## [Data supplied]
■ ■ ■ ■

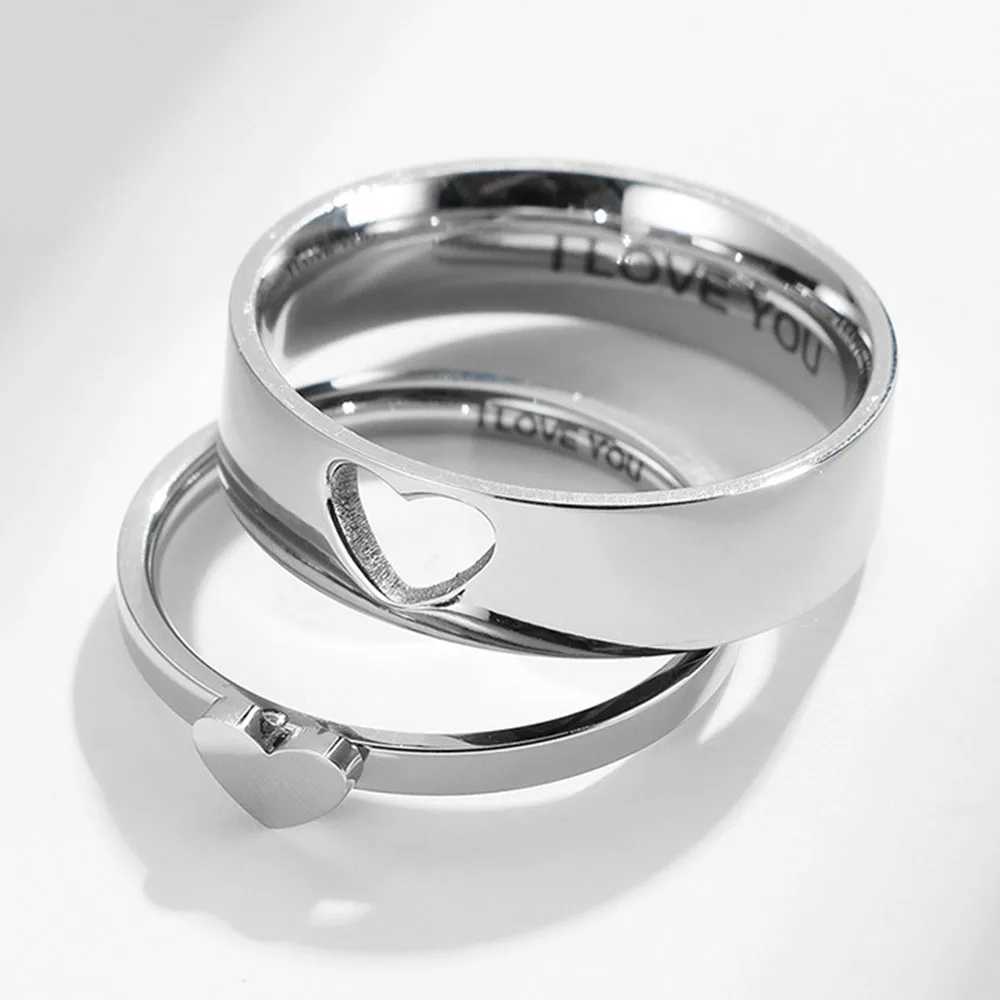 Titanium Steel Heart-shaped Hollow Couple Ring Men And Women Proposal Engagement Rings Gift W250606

■ ■ ■ ■

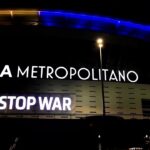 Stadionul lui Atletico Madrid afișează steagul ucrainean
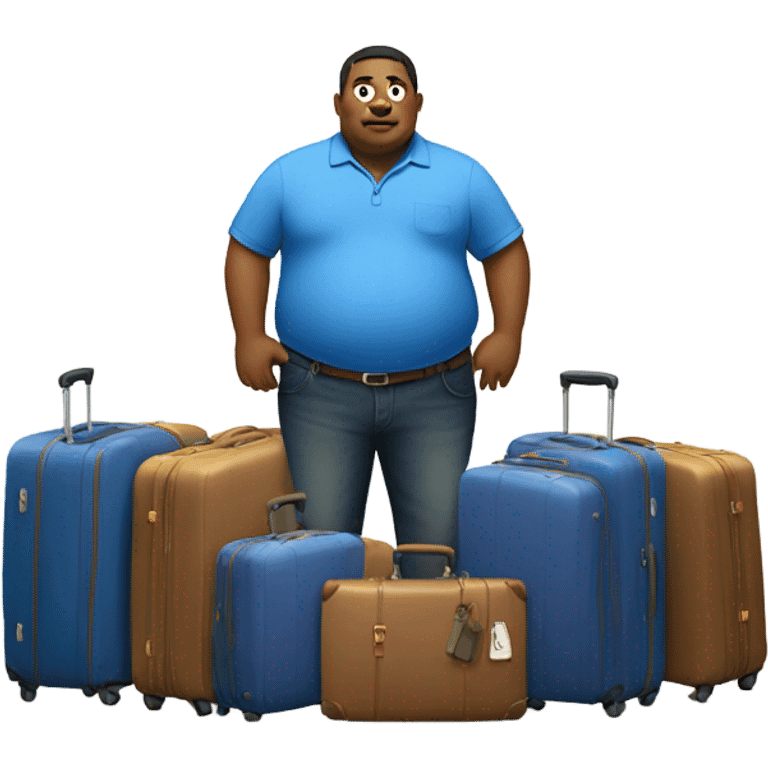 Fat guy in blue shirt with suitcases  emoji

■ ■ ■ ■

## [Exercise prompt]
Among the entries above, copy exactly the stretch from the line holding "Stadionul lui Atletico" through the line holding "Fat guy in blue", leaving out any pictures.

## [Response]
 Stadionul lui Atletico Madrid afișează steagul ucrainean
 Fat guy in blue shirt with suitcases  emoji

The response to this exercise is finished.